My first three impressions in reading "Kéthani" were: (1) this is a collection of short stories, written in the style of Bradbury's "Martian Chronicles"; (2) this is a pleasant, mellow read; and (3) these characters drink a lot.
Upon finishing the book my impression had not changed much, except I realized that for all of the book's genuine "gemutlichkeit," it was a serious meditation on mortality, religion, and ethics. I further realized that the Kéthani for all their apparent benevolence and understated drive, supported by an unspoken belief in manifest destiny, were sinister.
The sinister nature of the mysterious aliens and the underlying sense of danger only surface one or two times in the novel and are quickly ignored or brushed away through the characters' rationalizations. And yet, upon completion of the novel, the feeling remains that the humans have been tricked or duped in some way. In fact, our protagonist, Khalid, says in the final chapter that "I wondered whether to tell Sam and Stuart that we had been lured to the stars by an. . .an impostor." Further, in the epilogue, Khalid says cryptically that "the reason our benefactors selected us for the task was a little more complex than than we first thought." This is the extent of our illumination. At he end of the novel we know no more about the aliens than we did at the beginning. But this of course is the point because ultimately the book is a meditation on religion and life.

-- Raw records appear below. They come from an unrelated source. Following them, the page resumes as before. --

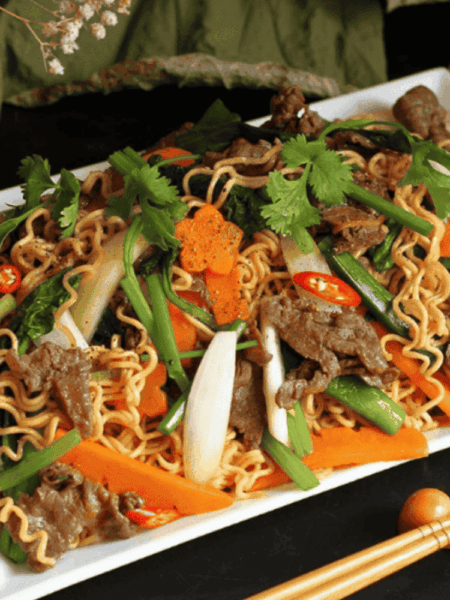 Mì xào bò nhanh gọn, tiện lợi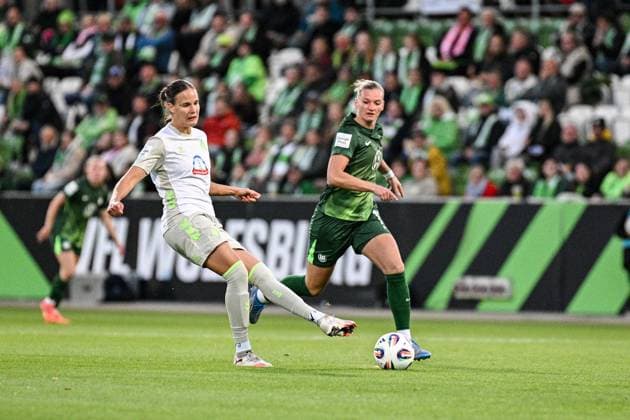 Soccer I Women I Season 2025 2026 I Bundesliga I Matchday 4 I VfL Wolfsburg SV Werder Bremen I 24 09 2025 Hanna Nemeth 23, SV Werder Bremen plays the ball in front of Alexandra Popp 11, VfL Wolfsburg Wolfsburg AOK Stadion Niedersachsen Germany Copyright: xLobeca InesxHähnelx
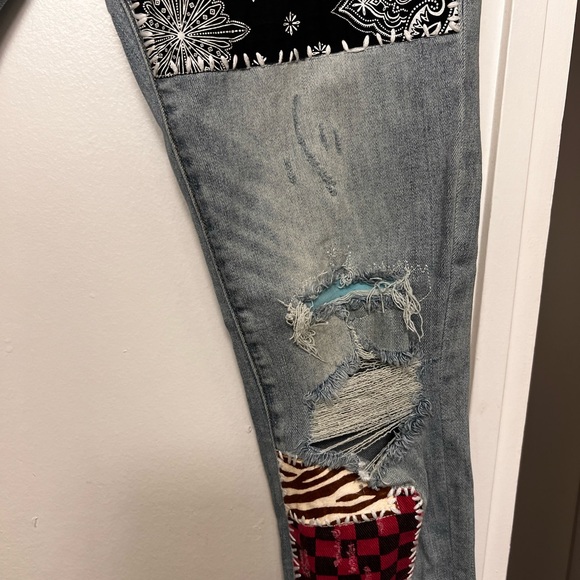 AMIRI  men’s blue art Patch Jeans - Picture 3 of 10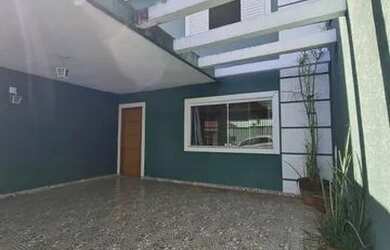 Imagem: A casa possui 3 Dormitórios, 2 Banheiros, 2 Vagas na garagem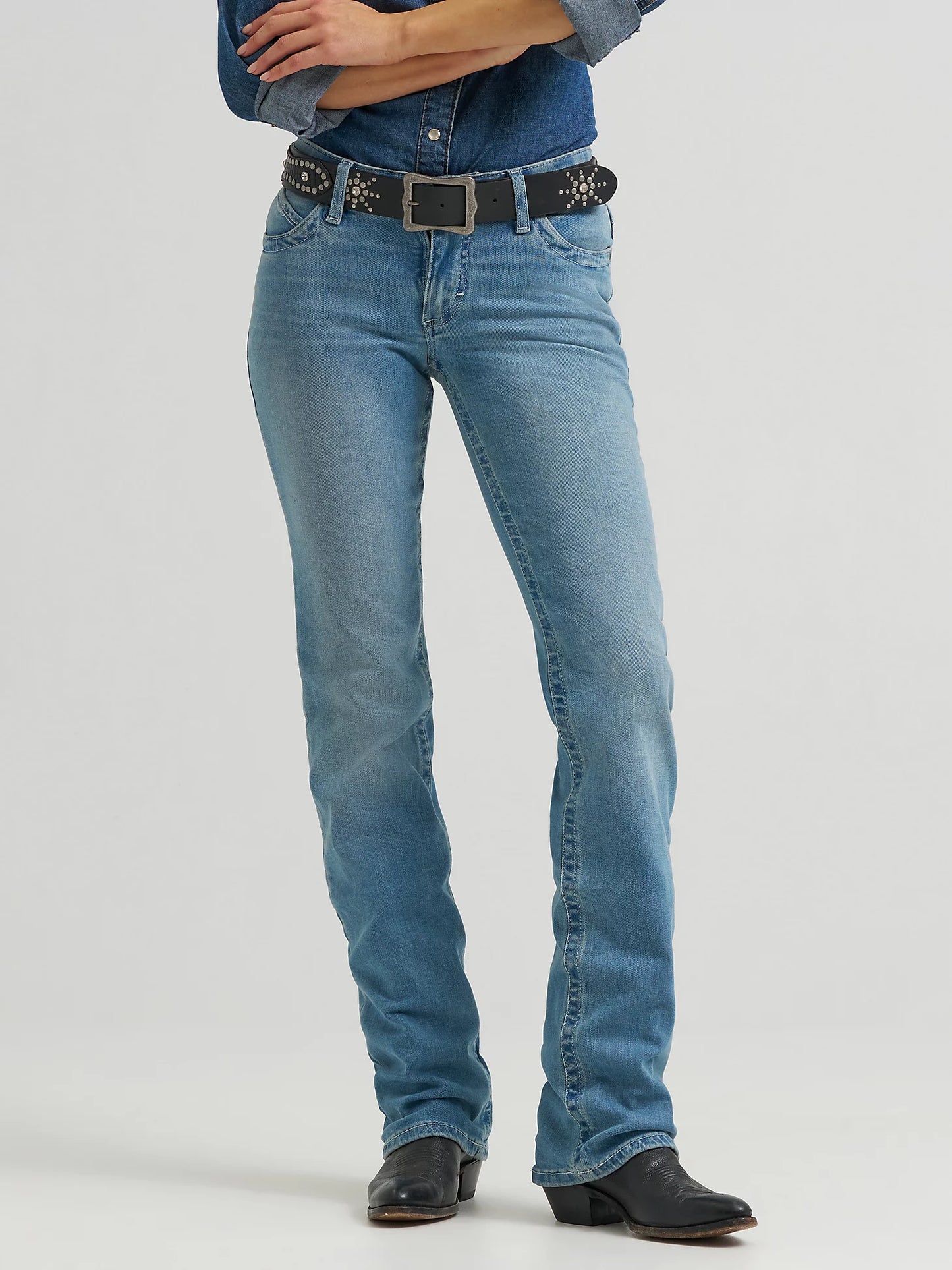 Women’s Light Wash Willow Wrangler Jeans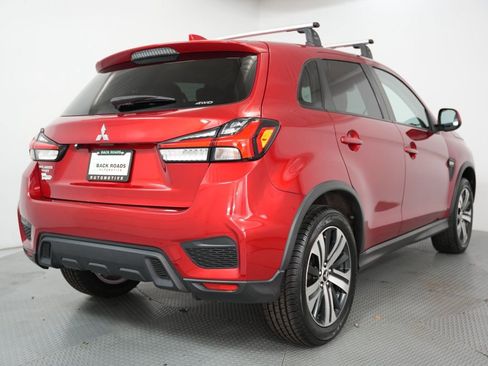 Used 2022 Mitsubishi Outlander Sport LE image 9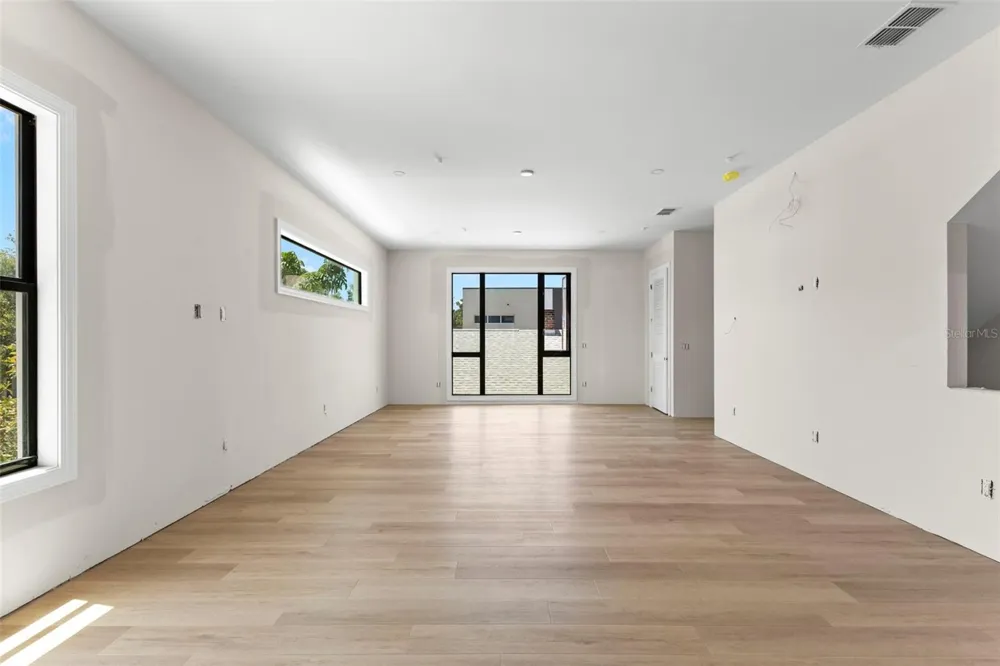 368 14TH STREET St Petersburg, FL 33705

As Tolkien pointed out in his short story "A Leaf by Niggle," we are on a journey to death. In "Kéthani," however, the aliens interrupt that journey and substitute a possibility for immortality. Humans with their complex and innate capacity for religion are disturbed by this interruption and thereby have to re-boot. Some incorporate the Kéthani into their religious framework; others de-construct or react violently. The Kéthani could be angels or devils or simply higher sentient beings. We don't know and Brown does not provide an answer.
I recommend the novel but I do have a few reservations. First, the book feels like a collection of short stories. As a result there is a lot of repetition. This repetition arises from the fact that the author has to apprise new readers at the beginning of each story where we are each time he starts a new "story." Second, the author does not give you any answers to your questions for the simple reason that the protagonist does not have any answers. And since the work is a first-person narrative, we only know what the protagonist knows.
All in all, the novel was a pleasant experience; a welcome respite from the hardware of science fiction, with its incipient violence. In some ways the work is a throwback to the science fiction of the fifties and sixties, when science fiction was a place of ideas and we could easily compare the novel with Clarke's "Childhood's End," Bradbury's "Martian Chronicles," or the original "The Day the Earth Stood Still."